Designers of media centre PCs are keen to differentiate them from your average desktop model. Which is why this Sony looks a little like a squashed pedal-bin, albeit a stylish one.
Turn the unit on and a halo of white light surrounds the top rim (very pretty) and Windows Media Center loads up directly. From here you can watch and record Freeview TV, listen to music, or watch a DVD or Blu-ray disc.
In action the TP2 is decent, but not Earth-shatteringly good. The Freeview performance is a little disappointing, with a softness to images and more noise, particularly in motion, than we'd like. There is also just the one digital tuner, so you can't watch and record simultaneously.
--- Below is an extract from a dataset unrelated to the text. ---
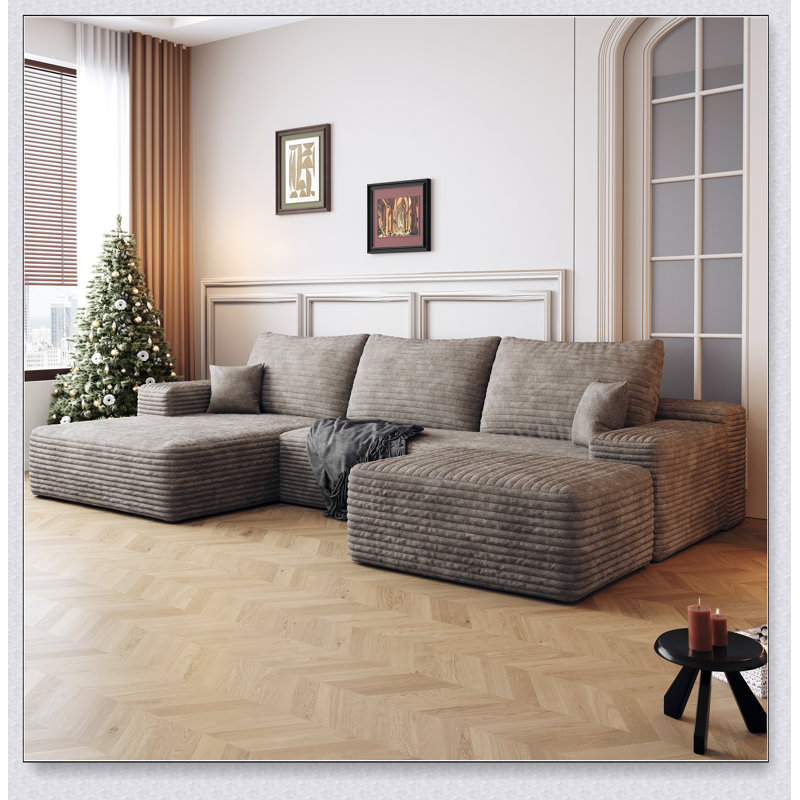 Canapé modulaire confortable en forme de U avec repose-pieds, idéal pour la détente dans le salon et les réunions de famille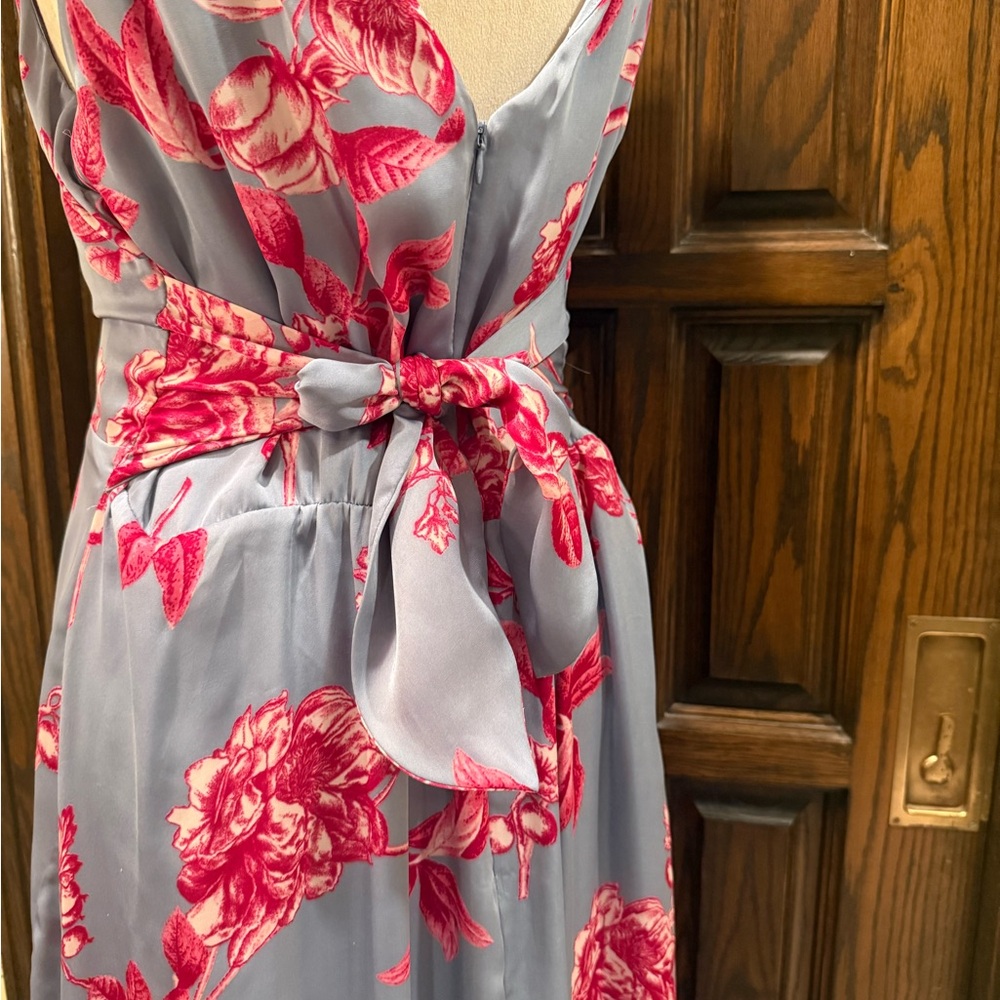 White House Black Market Floral Wrap Midi Dress - Picture 5 of 5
Clean and stable DVD images
Pop on a DVD such as There Will Be Blood and the Sony fares better. Images are clean and stable, while colours are vibrant but natural. Edges still aren't as sharp as they should be, though, and detail levels aren't very high.
Blu-ray is where it's at, though, and there's a jump in quality when you move to HD. However, next to a decent standalone Blu-ray player, or a more capable media centre, the Sony is still a bit soft.
Sound is also rather limp, and the lack of support for HD audio disappoints (though this may be fixed with future firmware).
Of course there are myriad other things that you can do with this media centre, such as internet browsing, word processing and gaming; but the core component for us is the media playback, and it's here this PC is found wanting.